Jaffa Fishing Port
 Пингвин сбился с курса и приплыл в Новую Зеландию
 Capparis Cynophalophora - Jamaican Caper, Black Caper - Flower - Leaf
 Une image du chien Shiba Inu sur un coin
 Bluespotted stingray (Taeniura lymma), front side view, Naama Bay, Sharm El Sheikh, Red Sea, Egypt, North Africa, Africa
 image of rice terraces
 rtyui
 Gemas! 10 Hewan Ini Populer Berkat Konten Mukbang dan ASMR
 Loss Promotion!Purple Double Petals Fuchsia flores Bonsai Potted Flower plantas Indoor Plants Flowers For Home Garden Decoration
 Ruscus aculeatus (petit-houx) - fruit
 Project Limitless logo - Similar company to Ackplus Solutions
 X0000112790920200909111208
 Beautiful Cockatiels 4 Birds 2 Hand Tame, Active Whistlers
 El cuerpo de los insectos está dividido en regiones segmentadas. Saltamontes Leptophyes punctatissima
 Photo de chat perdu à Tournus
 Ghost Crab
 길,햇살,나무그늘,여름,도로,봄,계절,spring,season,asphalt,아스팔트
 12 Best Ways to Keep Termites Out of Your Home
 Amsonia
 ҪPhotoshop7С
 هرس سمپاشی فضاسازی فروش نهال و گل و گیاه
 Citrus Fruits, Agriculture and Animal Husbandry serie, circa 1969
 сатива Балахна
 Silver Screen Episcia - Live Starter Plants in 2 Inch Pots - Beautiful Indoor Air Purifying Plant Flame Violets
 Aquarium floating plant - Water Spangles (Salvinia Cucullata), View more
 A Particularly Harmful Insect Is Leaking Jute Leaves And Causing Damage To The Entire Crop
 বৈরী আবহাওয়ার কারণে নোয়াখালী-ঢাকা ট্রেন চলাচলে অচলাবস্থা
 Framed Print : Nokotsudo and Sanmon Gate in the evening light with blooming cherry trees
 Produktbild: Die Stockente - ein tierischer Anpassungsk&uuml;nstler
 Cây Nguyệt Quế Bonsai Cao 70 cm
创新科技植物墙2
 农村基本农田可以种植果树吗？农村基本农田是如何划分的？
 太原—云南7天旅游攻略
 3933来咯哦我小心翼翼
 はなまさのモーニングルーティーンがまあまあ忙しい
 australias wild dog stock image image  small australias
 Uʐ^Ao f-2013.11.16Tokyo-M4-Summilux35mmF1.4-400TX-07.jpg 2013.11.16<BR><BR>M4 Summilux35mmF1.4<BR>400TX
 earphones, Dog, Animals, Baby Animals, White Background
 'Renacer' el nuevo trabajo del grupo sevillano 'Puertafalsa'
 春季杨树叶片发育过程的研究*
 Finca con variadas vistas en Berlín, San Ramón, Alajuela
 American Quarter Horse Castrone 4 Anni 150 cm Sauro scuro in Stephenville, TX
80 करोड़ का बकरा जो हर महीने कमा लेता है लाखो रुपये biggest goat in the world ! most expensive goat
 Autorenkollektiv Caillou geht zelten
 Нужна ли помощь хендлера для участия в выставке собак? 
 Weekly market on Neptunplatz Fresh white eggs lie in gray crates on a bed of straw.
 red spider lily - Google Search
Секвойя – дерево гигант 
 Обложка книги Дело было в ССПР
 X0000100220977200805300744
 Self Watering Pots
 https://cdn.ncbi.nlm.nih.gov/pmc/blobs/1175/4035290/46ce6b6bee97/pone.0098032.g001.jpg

EXERCISE AIM:
Every record should be given again without alteration.

SOLUTION BELOW:
Jaffa Fishing Port
 Пингвин сбился с курса и приплыл в Новую Зеландию
 Capparis Cynophalophora - Jamaican Caper, Black Caper - Flower - Leaf
 Une image du chien Shiba Inu sur un coin
 Bluespotted stingray (Taeniura lymma), front side view, Naama Bay, Sharm El Sheikh, Red Sea, Egypt, North Africa, Africa
 image of rice terraces
 rtyui
 Gemas! 10 Hewan Ini Populer Berkat Konten Mukbang dan ASMR
 Loss Promotion!Purple Double Petals Fuchsia flores Bonsai Potted Flower plantas Indoor Plants Flowers For Home Garden Decoration
 Ruscus aculeatus (petit-houx) - fruit
 Project Limitless logo - Similar company to Ackplus Solutions
 X0000112790920200909111208
 Beautiful Cockatiels 4 Birds 2 Hand Tame, Active Whistlers
 El cuerpo de los insectos está dividido en regiones segmentadas. Saltamontes Leptophyes punctatissima
 Photo de chat perdu à Tournus
 Ghost Crab
 길,햇살,나무그늘,여름,도로,봄,계절,spring,season,asphalt,아스팔트
 12 Best Ways to Keep Termites Out of Your Home
 Amsonia
 ҪPhotoshop7С
 هرس سمپاشی فضاسازی فروش نهال و گل و گیاه
 Citrus Fruits, Agriculture and Animal Husbandry serie, circa 1969
 сатива Балахна
 Silver Screen Episcia - Live Starter Plants in 2 Inch Pots - Beautiful Indoor Air Purifying Plant Flame Violets
 Aquarium floating plant - Water Spangles (Salvinia Cucullata), View more
 A Particularly Harmful Insect Is Leaking Jute Leaves And Causing Damage To The Entire Crop
 বৈরী আবহাওয়ার কারণে নোয়াখালী-ঢাকা ট্রেন চলাচলে অচলাবস্থা
 Framed Print : Nokotsudo and Sanmon Gate in the evening light with blooming cherry trees
 Produktbild: Die Stockente - ein tierischer Anpassungsk&uuml;nstler
 Cây Nguyệt Quế Bonsai Cao 70 cm
创新科技植物墙2
 农村基本农田可以种植果树吗？农村基本农田是如何划分的？
 太原—云南7天旅游攻略
 3933来咯哦我小心翼翼
 はなまさのモーニングルーティーンがまあまあ忙しい
 australias wild dog stock image image  small australias
 Uʐ^Ao f-2013.11.16Tokyo-M4-Summilux35mmF1.4-400TX-07.jpg 2013.11.16<BR><BR>M4 Summilux35mmF1.4<BR>400TX
 earphones, Dog, Animals, Baby Animals, White Background
 'Renacer' el nuevo trabajo del grupo sevillano 'Puertafalsa'
 春季杨树叶片发育过程的研究*
 Finca con variadas vistas en Berlín, San Ramón, Alajuela
 American Quarter Horse Castrone 4 Anni 150 cm Sauro scuro in Stephenville, TX
80 करोड़ का बकरा जो हर महीने कमा लेता है लाखो रुपये biggest goat in the world ! most expensive goat
 Autorenkollektiv Caillou geht zelten
 Нужна ли помощь хендлера для участия в выставке собак? 
 Weekly market on Neptunplatz Fresh white eggs lie in gray crates on a bed of straw.
 red spider lily - Google Search
Секвойя – дерево гигант 
 Обложка книги Дело было в ССПР
 X0000100220977200805300744
 Self Watering Pots
 https://cdn.ncbi.nlm.nih.gov/pmc/blobs/1175/4035290/46ce6b6bee97/pone.0098032.g001.jpg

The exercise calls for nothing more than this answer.